● **Aim of the task**
Repeat the records below verbatim, and do not copy their pictures.

● **Entries shown**
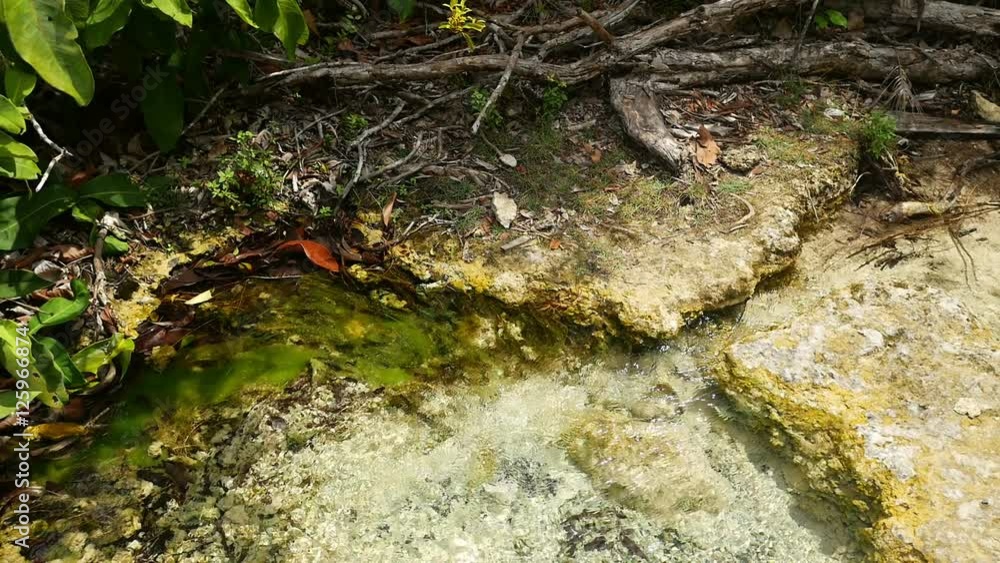 Small tropical brook in the rainforest Small tropical brook in the rainforest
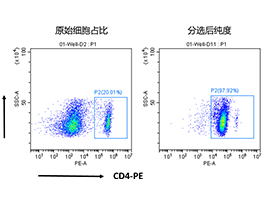 小鼠CD4+细胞分选试剂盒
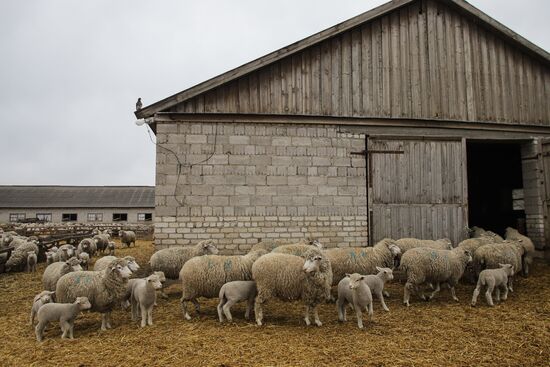 Russia Agriculture Livestock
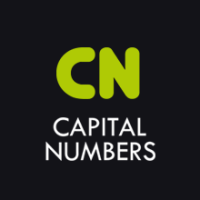 Capital Numbers | Agency Vista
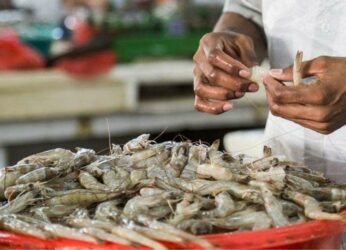 Vizag Port emerges as top contributor to India’s seafood export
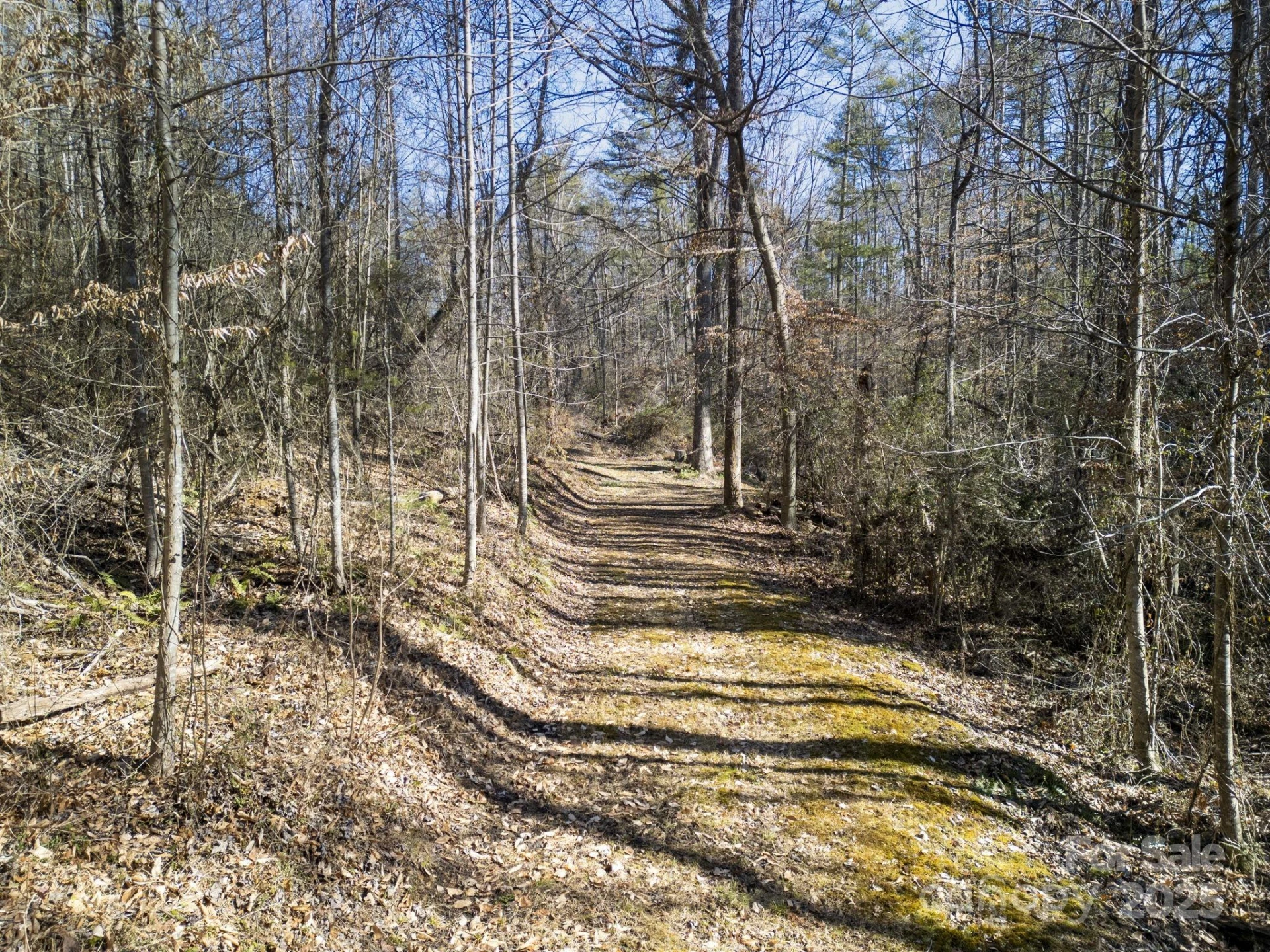 99999 Monticello Road - Photo 6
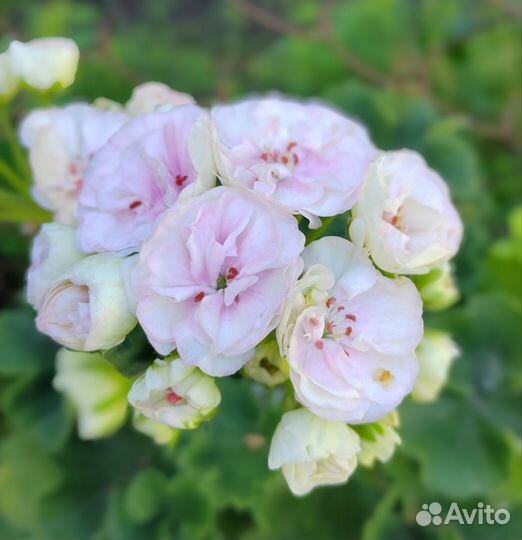 Пеларгонии сортовые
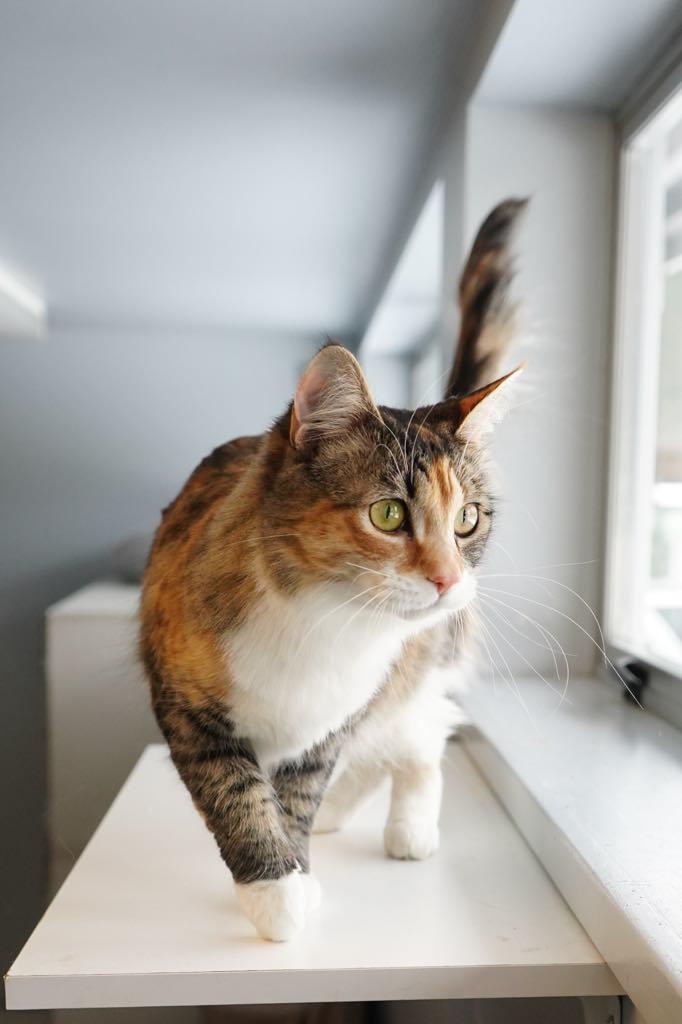 Sambal, Adoptable, Young Female Domestic Medium Hair.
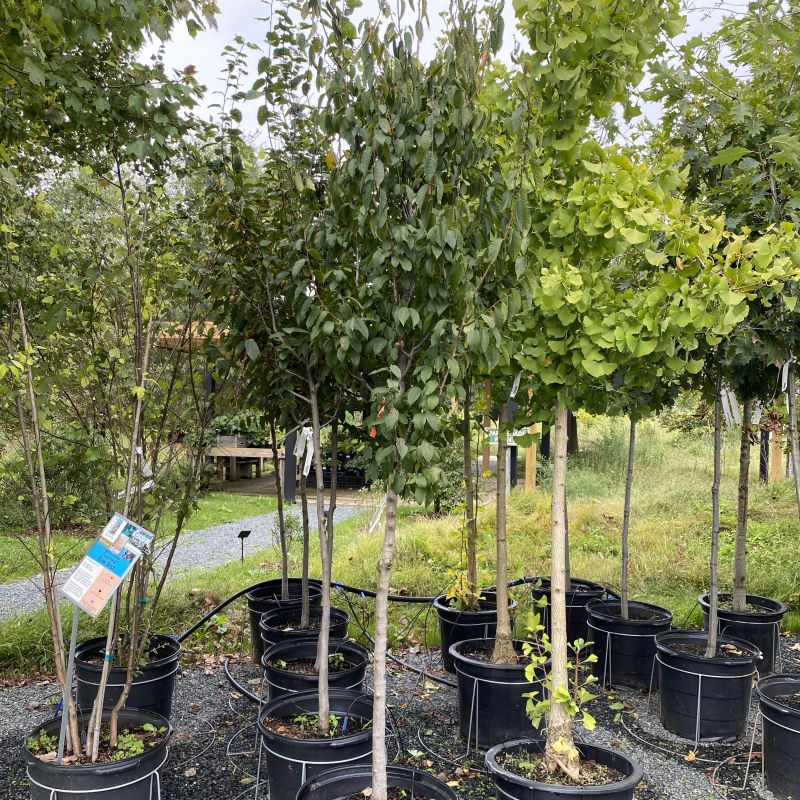 Carpinus caroliniana (American Hornbeam) grown in a 15-gallon pot.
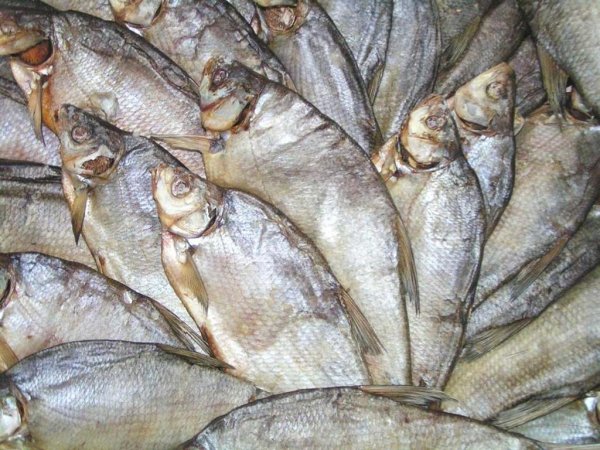 Казахстан: рыбные цены Шымкента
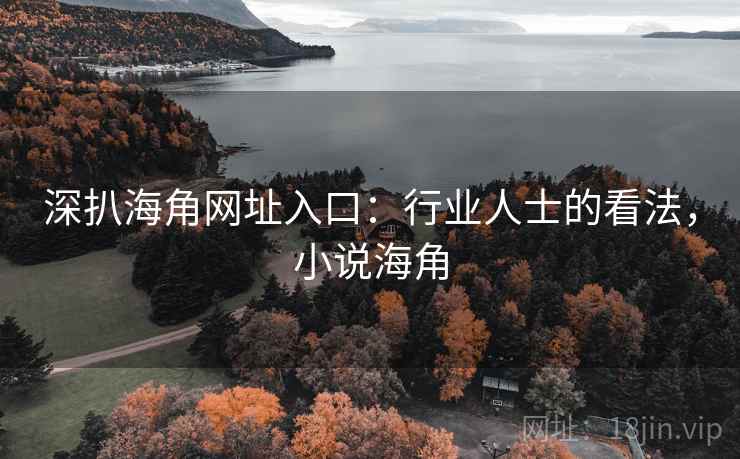 深扒海角网址入口：行业人士的看法，小说海角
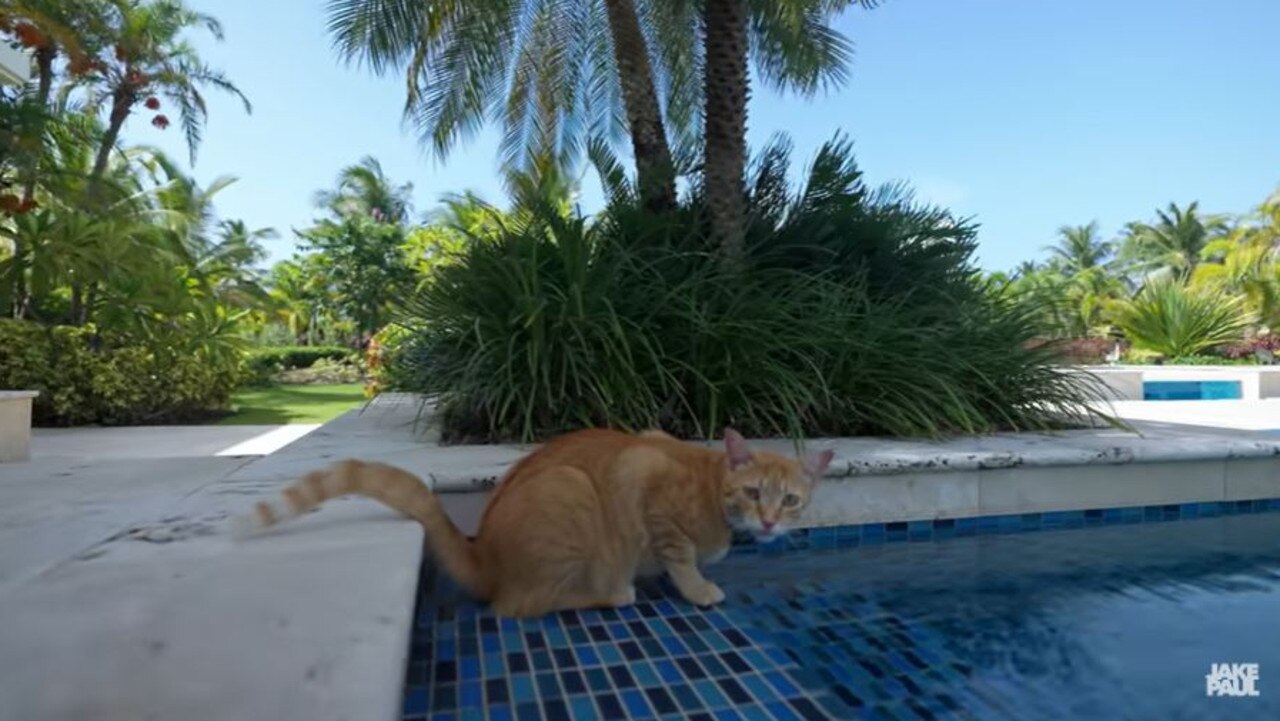 Jake Paul's guard cat Peter now owns his backyard. Picture: YouTube.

● **Response to the task**
 Small tropical brook in the rainforest Small tropical brook in the rainforest
 小鼠CD4+细胞分选试剂盒
 Russia Agriculture Livestock
 Capital Numbers | Agency Vista
 Vizag Port emerges as top contributor to India’s seafood export
 99999 Monticello Road - Photo 6
 Пеларгонии сортовые
 Sambal, Adoptable, Young Female Domestic Medium Hair.
 Carpinus caroliniana (American Hornbeam) grown in a 15-gallon pot.
 Казахстан: рыбные цены Шымкента
 深扒海角网址入口：行业人士的看法，小说海角
 Jake Paul's guard cat Peter now owns his backyard. Picture: YouTube.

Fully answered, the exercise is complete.